Entretien avec Raoul Vaneigem, pour Ballast, 7 juin 2019.

Auteur d’une quarantaine d’ouvrages, le philosophe et médiéviste belge n’en démord pas : il ne tient qu’à nous de changer la donne. Figure de l’Internationale situationniste (IS) — qui, de 1957 à 1972, s’opposa au règne de la marchandise et du « travail aliénant » pour mieux louer « l’autogestion généralisée » —, Vaneigem s’est tenu, sa vie durant, à distance des grands médias. Celui qui publia il y a quelques décennies de cela un appel à la grève sauvage et au sabotage sous le nom de Ratgeb observe aujourd’hui le soulèvement des gilets jaunes et les ZAD avec un enthousiasme non dissimulé ; hors de l’Europe, c’est au Chiapas et au Rojava qu’il perçoit les formes d’une alternative émancipatrice. Persuadé que les urnes ne sont d’aucun secours, son dernier livre enfonce le clou ; la frappe est optimiste : tourner la page de l’Homo œconomicus et défendre l’ensemble du vivant, cela se peut encore. Nous nous sommes entretenus avec lui.

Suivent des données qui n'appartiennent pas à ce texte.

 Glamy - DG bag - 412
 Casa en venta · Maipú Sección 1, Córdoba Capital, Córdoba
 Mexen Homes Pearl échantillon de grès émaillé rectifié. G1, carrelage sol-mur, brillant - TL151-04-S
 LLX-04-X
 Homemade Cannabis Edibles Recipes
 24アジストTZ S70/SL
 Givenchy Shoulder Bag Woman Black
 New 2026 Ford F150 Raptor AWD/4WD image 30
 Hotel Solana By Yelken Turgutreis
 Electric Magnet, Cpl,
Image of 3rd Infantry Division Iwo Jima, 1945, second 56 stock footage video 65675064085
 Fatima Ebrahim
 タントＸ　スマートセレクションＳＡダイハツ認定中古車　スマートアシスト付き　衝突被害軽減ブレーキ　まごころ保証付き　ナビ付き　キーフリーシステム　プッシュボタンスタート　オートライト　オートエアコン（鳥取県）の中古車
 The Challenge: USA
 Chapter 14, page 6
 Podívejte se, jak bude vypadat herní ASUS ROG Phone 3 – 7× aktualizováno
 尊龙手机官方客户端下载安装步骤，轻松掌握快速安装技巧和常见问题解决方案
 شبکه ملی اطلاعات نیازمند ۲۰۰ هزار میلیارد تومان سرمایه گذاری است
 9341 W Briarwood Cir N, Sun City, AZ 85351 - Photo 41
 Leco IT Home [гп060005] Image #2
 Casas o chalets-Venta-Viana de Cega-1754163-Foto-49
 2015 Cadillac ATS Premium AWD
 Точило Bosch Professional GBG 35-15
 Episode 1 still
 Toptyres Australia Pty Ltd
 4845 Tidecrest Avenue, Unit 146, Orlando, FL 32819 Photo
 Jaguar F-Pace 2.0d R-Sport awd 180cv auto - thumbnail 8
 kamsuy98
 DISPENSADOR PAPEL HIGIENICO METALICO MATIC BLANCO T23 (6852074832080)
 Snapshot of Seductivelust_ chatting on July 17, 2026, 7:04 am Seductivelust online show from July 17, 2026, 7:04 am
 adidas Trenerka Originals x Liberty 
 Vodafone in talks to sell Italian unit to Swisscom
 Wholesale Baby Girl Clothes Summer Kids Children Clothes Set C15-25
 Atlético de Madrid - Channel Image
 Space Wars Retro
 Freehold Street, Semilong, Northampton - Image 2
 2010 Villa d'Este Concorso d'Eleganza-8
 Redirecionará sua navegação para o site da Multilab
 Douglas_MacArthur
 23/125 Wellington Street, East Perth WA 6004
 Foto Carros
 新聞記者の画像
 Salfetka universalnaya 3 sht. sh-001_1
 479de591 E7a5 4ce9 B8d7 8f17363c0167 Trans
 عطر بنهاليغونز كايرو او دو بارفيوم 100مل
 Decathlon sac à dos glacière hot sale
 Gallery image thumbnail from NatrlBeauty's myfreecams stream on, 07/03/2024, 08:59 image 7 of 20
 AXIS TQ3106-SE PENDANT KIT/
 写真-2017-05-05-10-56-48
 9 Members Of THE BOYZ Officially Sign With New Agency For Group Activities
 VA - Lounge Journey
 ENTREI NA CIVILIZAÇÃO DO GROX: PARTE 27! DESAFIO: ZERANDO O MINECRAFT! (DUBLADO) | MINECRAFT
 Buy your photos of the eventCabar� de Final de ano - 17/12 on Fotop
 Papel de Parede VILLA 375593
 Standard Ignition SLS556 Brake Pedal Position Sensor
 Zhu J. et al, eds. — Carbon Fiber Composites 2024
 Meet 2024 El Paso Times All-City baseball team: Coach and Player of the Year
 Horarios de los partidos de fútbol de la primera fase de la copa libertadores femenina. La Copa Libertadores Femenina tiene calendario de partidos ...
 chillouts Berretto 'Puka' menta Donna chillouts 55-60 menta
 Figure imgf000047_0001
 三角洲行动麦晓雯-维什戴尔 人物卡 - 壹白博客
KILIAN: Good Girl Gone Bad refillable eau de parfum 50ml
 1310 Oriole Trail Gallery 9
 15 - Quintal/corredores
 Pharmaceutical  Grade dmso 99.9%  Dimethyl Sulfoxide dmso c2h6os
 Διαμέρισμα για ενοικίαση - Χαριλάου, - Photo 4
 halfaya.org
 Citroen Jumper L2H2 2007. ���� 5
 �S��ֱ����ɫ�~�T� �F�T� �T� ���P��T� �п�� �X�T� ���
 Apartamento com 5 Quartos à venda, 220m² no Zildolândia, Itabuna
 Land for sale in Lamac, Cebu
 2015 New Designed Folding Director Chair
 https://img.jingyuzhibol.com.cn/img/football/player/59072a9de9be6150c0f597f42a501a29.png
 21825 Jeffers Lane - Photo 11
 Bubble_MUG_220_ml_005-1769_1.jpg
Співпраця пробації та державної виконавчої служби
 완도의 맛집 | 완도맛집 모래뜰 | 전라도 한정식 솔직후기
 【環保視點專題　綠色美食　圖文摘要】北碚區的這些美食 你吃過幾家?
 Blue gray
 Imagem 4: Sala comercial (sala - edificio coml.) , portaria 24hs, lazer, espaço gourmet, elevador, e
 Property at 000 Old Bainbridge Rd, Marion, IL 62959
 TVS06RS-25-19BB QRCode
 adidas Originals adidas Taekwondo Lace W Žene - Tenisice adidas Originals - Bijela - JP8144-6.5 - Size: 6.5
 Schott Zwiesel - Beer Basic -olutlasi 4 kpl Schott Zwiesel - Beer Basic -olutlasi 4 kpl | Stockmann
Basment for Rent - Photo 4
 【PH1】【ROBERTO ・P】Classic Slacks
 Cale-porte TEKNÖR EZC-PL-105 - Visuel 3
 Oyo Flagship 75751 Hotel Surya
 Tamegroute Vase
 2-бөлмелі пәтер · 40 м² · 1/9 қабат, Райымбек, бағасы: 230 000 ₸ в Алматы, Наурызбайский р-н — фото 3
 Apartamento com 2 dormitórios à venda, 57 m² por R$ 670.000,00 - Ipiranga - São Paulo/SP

Vous avez écrit, au début des années 2000, que les mots « communisme », « socialisme » et « anarchisme » ne sont plus que des « emballages vides et définitivement obsolètes ». Ces trois noms ont pourtant permis aux humains de rendre pensable l’émancipation et la fin de l’exploitation. Par quoi les remplacer ?
En 2000, cela faisait pas mal de temps que l’idéologie, dont Marx dénonçait le caractère mensonger, avait vidé de sa substance des concepts qui, issus de la conscience prolétarienne et forgés par la volonté d’émancipation, n’étaient plus que les oriflammes brandis par les protagonistes d’une bureaucratie syndicale et politique. Les luttes de pouvoir avaient très vite supplanté la défense du monde ouvrier. On sait comment le combat pour le prolétariat a viré à une dictature exercée contre lui et en son nom. Le communisme et le socialisme en ont fait la preuve. L’anarchisme de la révolution espagnole n’y a pas échappé – je pense aux factions de la CNT et de la FAI complices de la Généralité catalane. Communisme, socialisme, anarchisme étaient des concepts confortablement délabrés quand le consumérisme a réduit à néant jusqu’à leur couverture idéologique. L’activité politique est devenue un clientélisme, les idées n’ont plus été que ces articles dont les prospectus de supermarché stimulent la vente promotionnelle. Les techniques publicitaires l’ont emporté sur la terminologie politique, emmêlant, comme on sait, gauche et droite. Quand on voit d’un côté le ridicule d’élections accaparées par une démocratie totalitaire qui prend les gens pour des imbéciles, et d’autre part le Mouvement des gilets jaunes qui se moque des étiquettes idéologiques, religieuses, politiques, refuse les chefs et les représentants non mandatés par la démocratie directe des assemblées et affirme sa détermination de faire progresser le sens humain, on a raison de se dire que tout ce fatras idéologique, qui a fait couler tant de sang, obtenant au mieux des acquis sociaux désormais envoyés à la casse, décidément, oui, nous n’en avons plus rien à foutre !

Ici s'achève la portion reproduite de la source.